_Entries supplied_
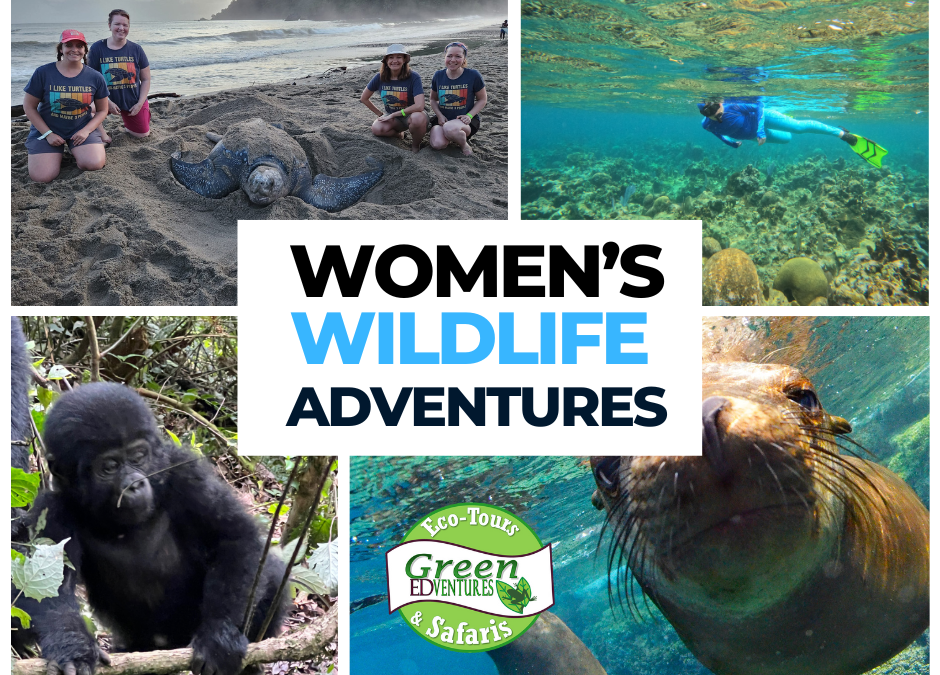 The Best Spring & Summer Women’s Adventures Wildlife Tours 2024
==
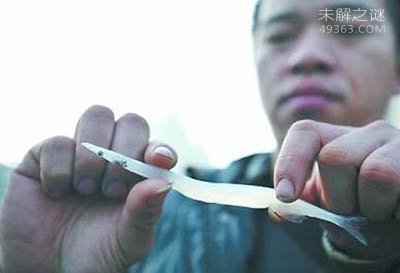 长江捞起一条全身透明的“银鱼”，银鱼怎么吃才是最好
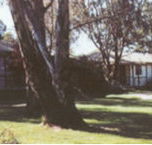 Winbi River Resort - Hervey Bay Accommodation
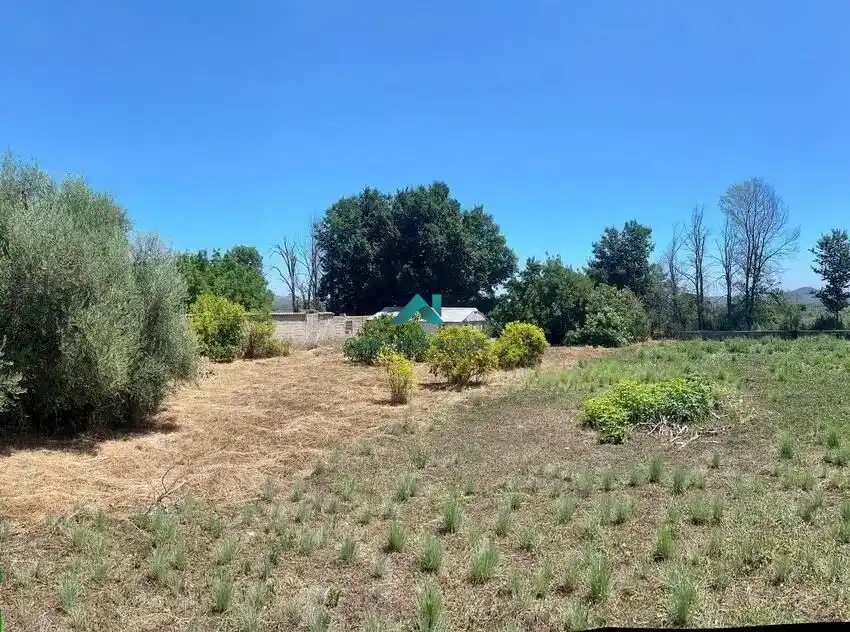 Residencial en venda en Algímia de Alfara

_Exercise goal_
Beginning with the line holding "Winbi River Resort" in the material above, restate word for word each line through the line holding "Residencial en venda en Algímia de Alfara", and exclude pictures.

_Answer below_
 Winbi River Resort - Hervey Bay Accommodation
 Residencial en venda en Algímia de Alfara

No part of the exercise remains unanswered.